The levels of creatine kinase, a marker of long-term muscle damage, were normal from birth up to 13 months when they were evaluated by researchers. This contrasted with data from four CRIM-negative patients who all had elevated creatine kinase levels before receiving ERT, the scientists noted.
Ayla shows age-appropriate development
No movement problems were observed and Ayla showed “age-appropriate gross and fine motor development, muscle tone, and power,” the team wrote. She could walk independently at 11.5 months. Her echocardiograms — scans of the heart — were normal.

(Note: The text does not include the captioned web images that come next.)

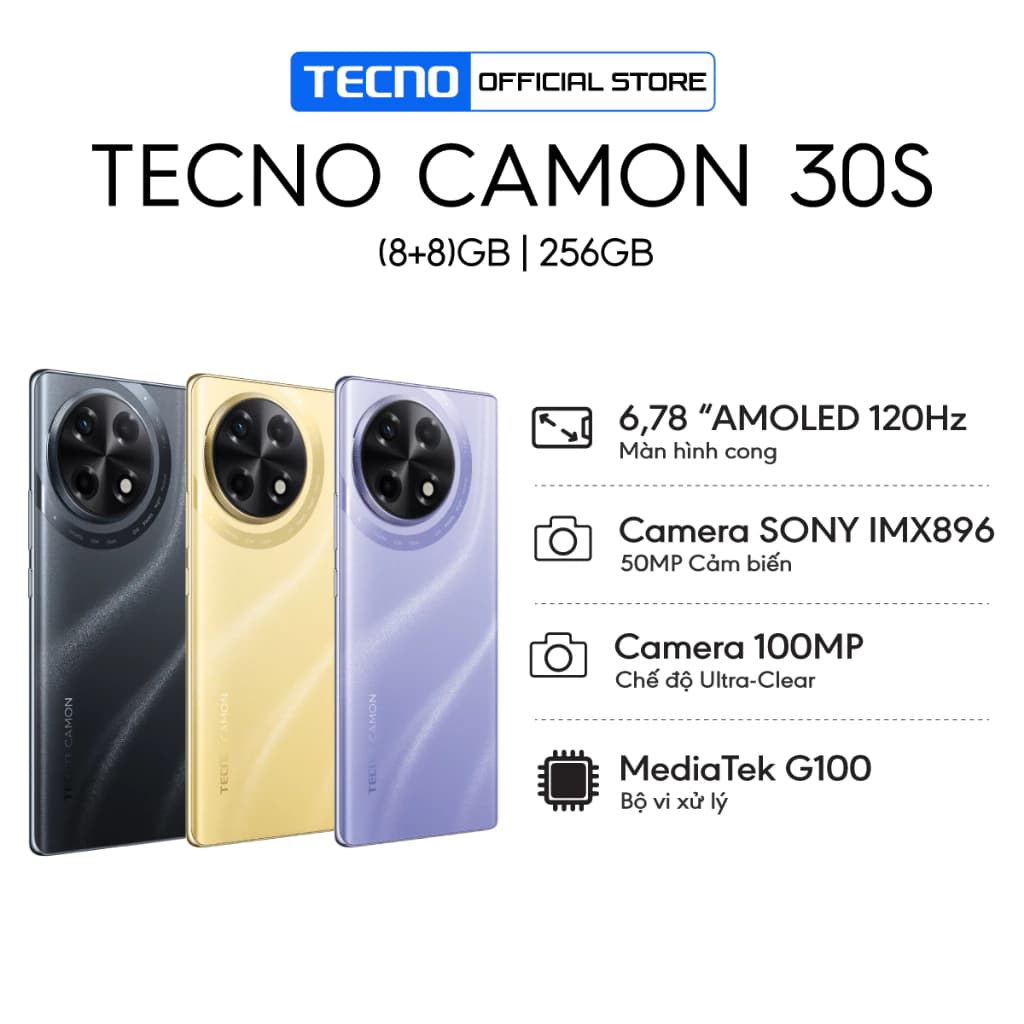 Điện thoại di động Tecno Camon 30S 8GB/256GB - Helio G100 | 5000mAh |Sạc nhanh 33W |Chính hãng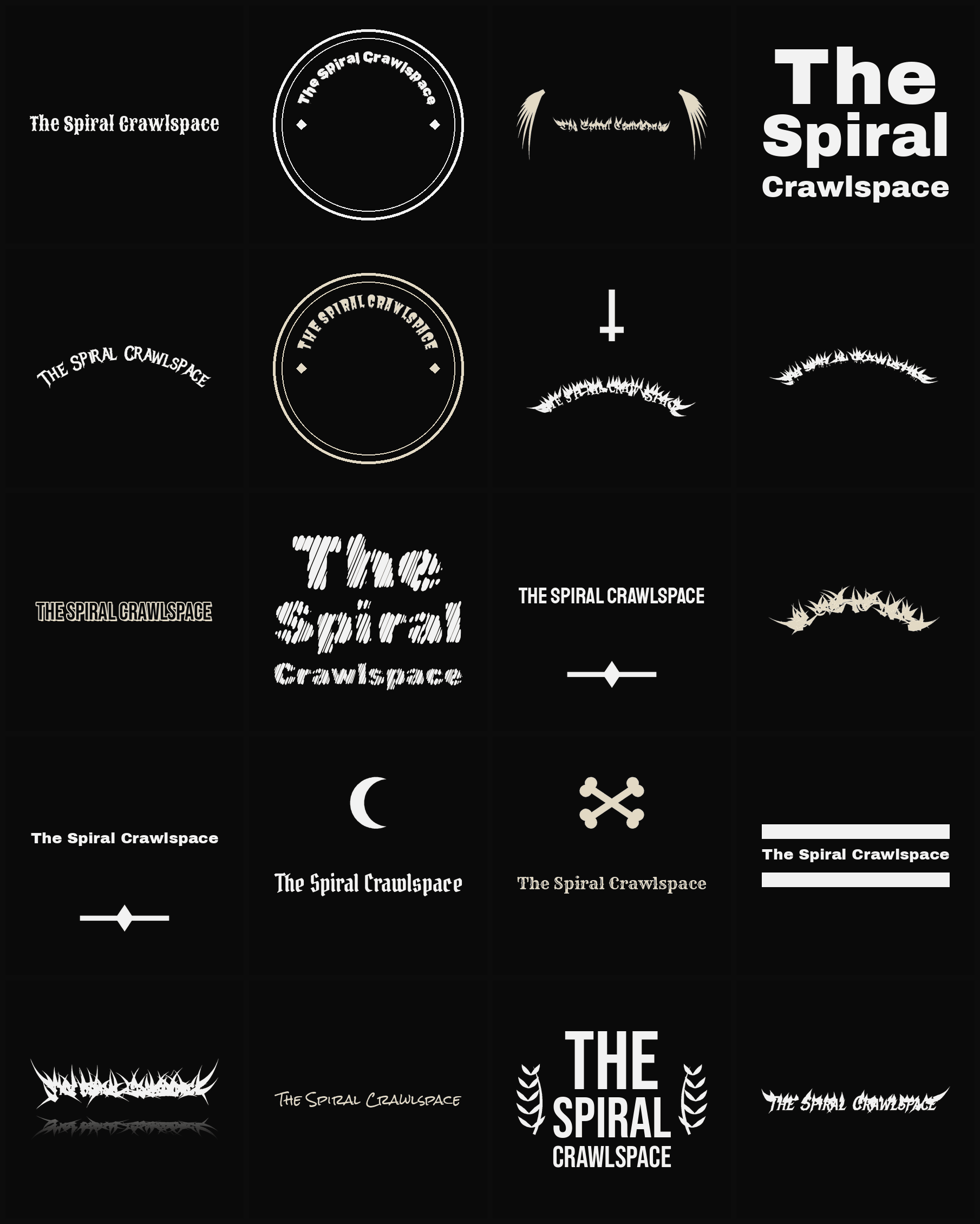 Twenty The Spiral Crawlspace band logo ideas — different faces, treatments and spike settings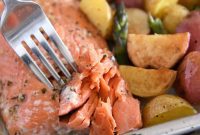 Sheet Pan Lemon Garlic Salmon with Crispy Potatoes and Tender Asparagus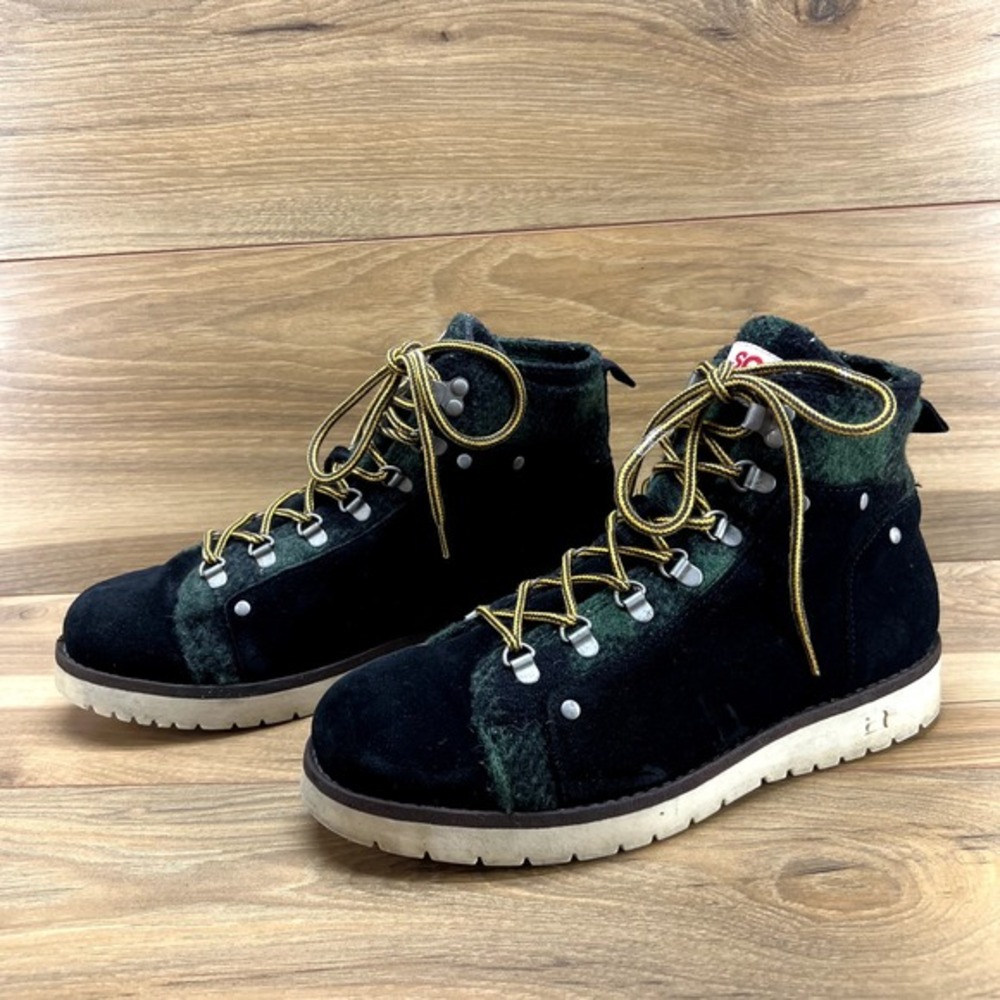 Scotch &‎ Soda Mens Hiking Boots Wool Suede Size 7.5 Black Green Plaid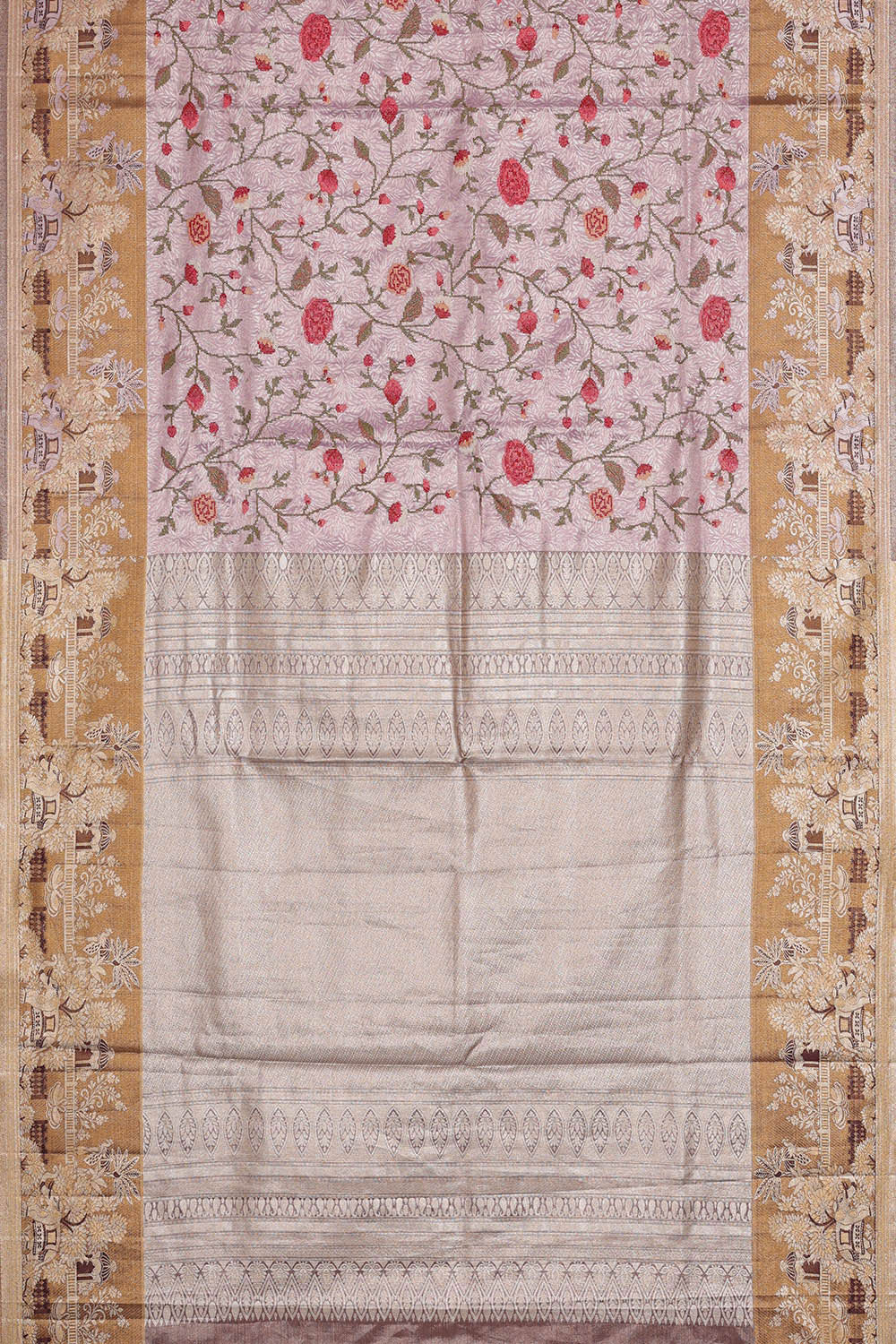 Image of Lavender Silk Embroidered Saree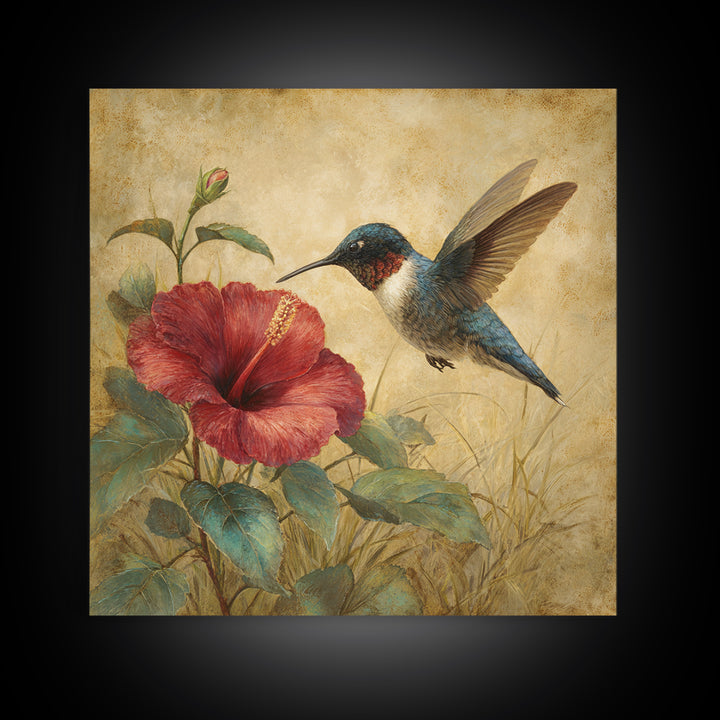 Hummingbird Hovering Beside Bright Hibiscus Framed Canvas Print, Bird Art, Gallery Wall, Living Room Decor, Fine Art, Flight, BIR-1x1-52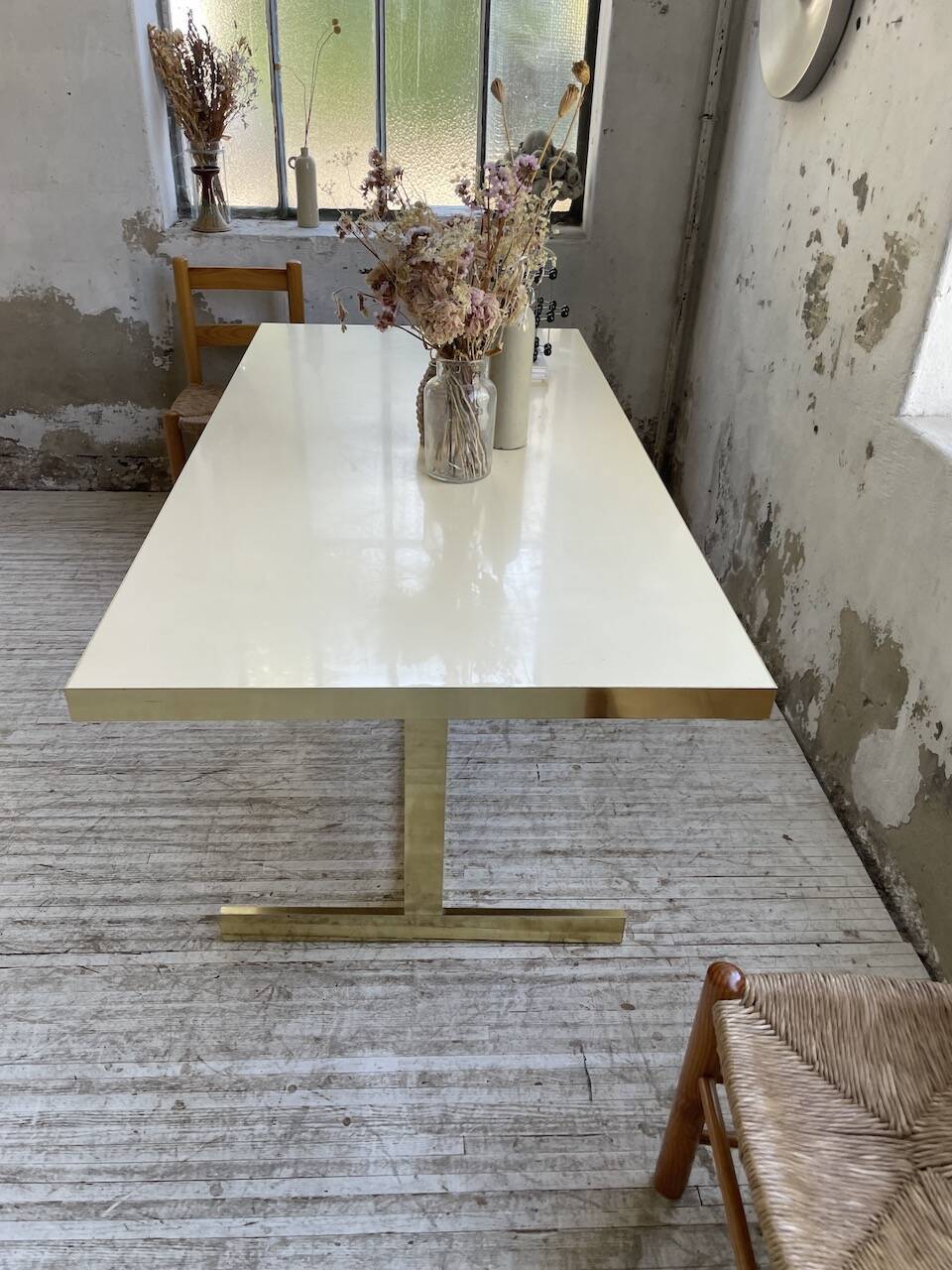 Brass table 1970 Italian lacquer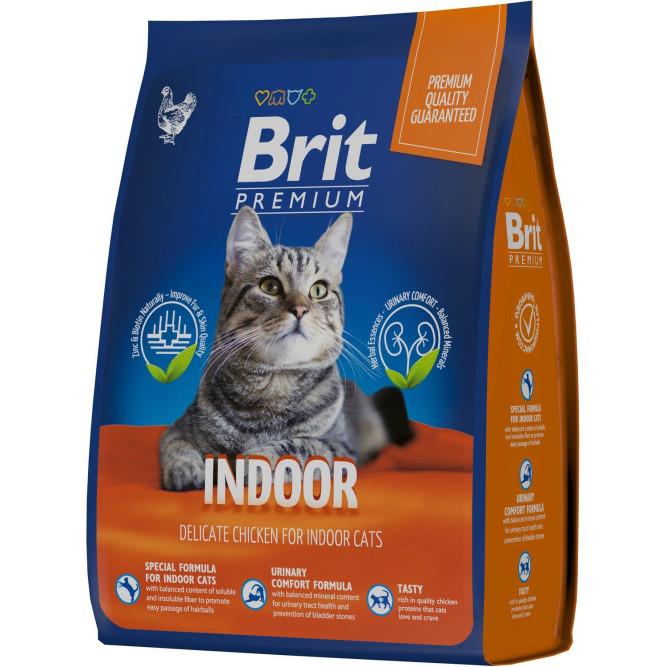 Брит Премиум Cat Indoor сухой корм для кошек домашнего содержания с курицей - 2 кг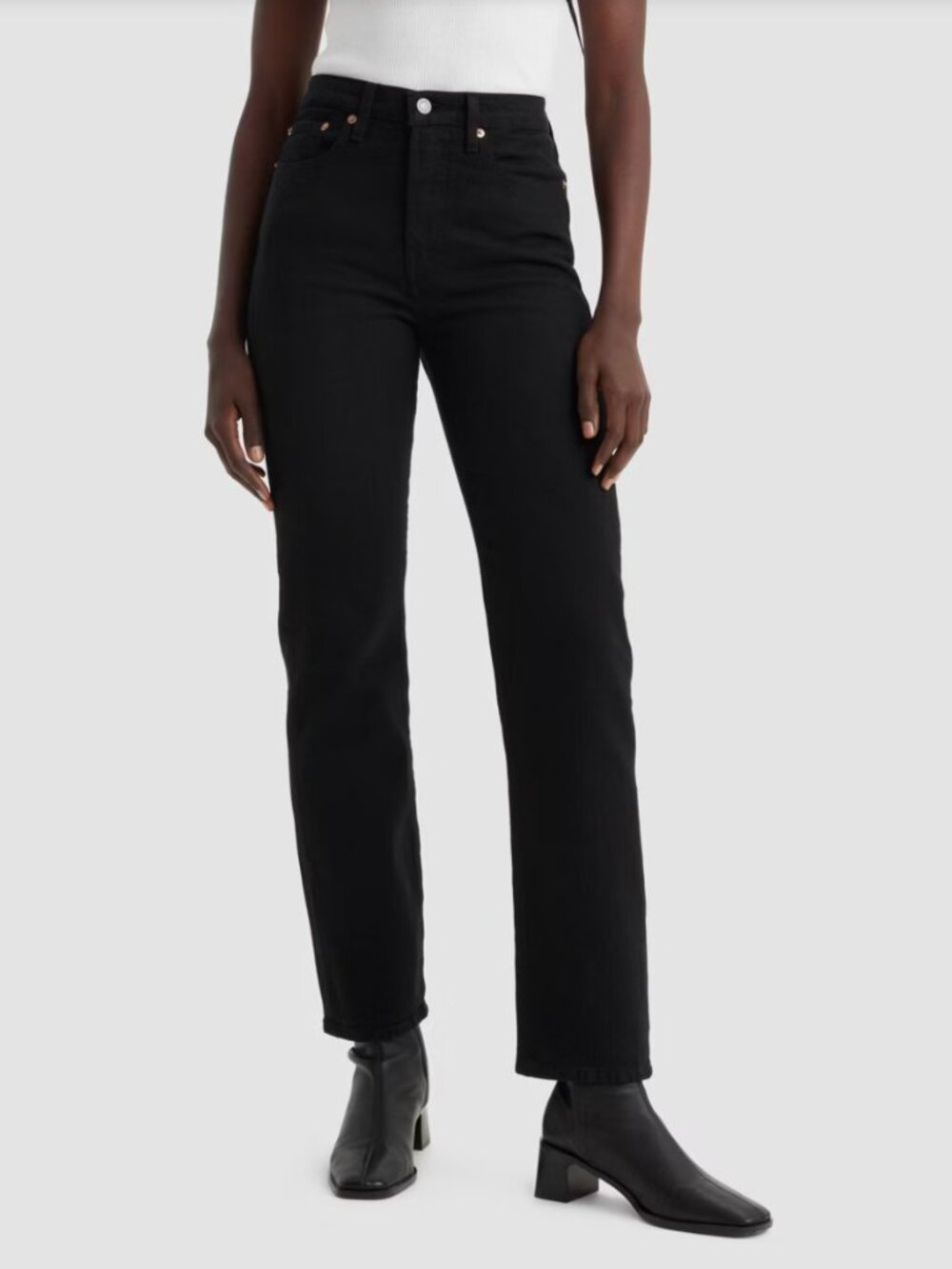 Levi's® Women's High-Rise Wedgie Straight Cropped Jeans - Soft Black 24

The researchers also tested the urinary levels of glucose tetrasaccharide (Glc4), a biomarker of accumulated glycogen. After birth, Glc4 levels were similar to those of a group of patients with CRIM-positive infantile-onset Pompe disease and two CRIM-negative infantile-onset Pompe disease patients. However, Aylas’s levels decreased quickly after postnatal ERT and are now considered normal. No glycogen deposits were detected in the placenta.
“Our results are consistent with in utero ERT attenuating or even halting the disease process in the fetal period,” the researchers wrote. “Furthermore, although it is accepted that starting treatment as early as possible improves outcomes in patients with lysosomal storage diseases (e.g., when the diagnosis is established after newborn screening), our results suggest that moving the window for therapeutic intervention into the prenatal period may further improve postnatal outcomes.”
The researchers said their Phase 1 clinical trial will continue to collect safety and efficacy data on in-utero ERT in a larger patient group. UCSF also received regulatory clearance to start using in-utero ERT in mucopolysaccharidosis types 1, 2, 4a, 6 and 7, Gaucher disease types 2 and 3, and Wolman disease.
“Enzyme replacement therapy is a new frontier in the field of fetal therapy; it has been exciting to see it grow from a research project in my laboratory to impact the outcome for this family ultimately. UCSF is considered the birthplace of fetal surgery, and it is a special privilege for us to continue to expand the technologies and treatments available to help families facing a difficult diagnosis during pregnancy,” MacKenzie said.
In an accompanying editorial, “Prenatal Enzyme Replacement Therapy,” Ans T. van der Ploeg, MD, PhD, noted that further follow-up of Ayla will be important.
“The outcomes of this trial are keenly awaited. In the meantime, the developmental course of the current patient is encouraging,” wrote van der Ploeg, who is chair of the Center for Lysosomal and Metabolic Diseases at Erasmus MC University, the Netherlands.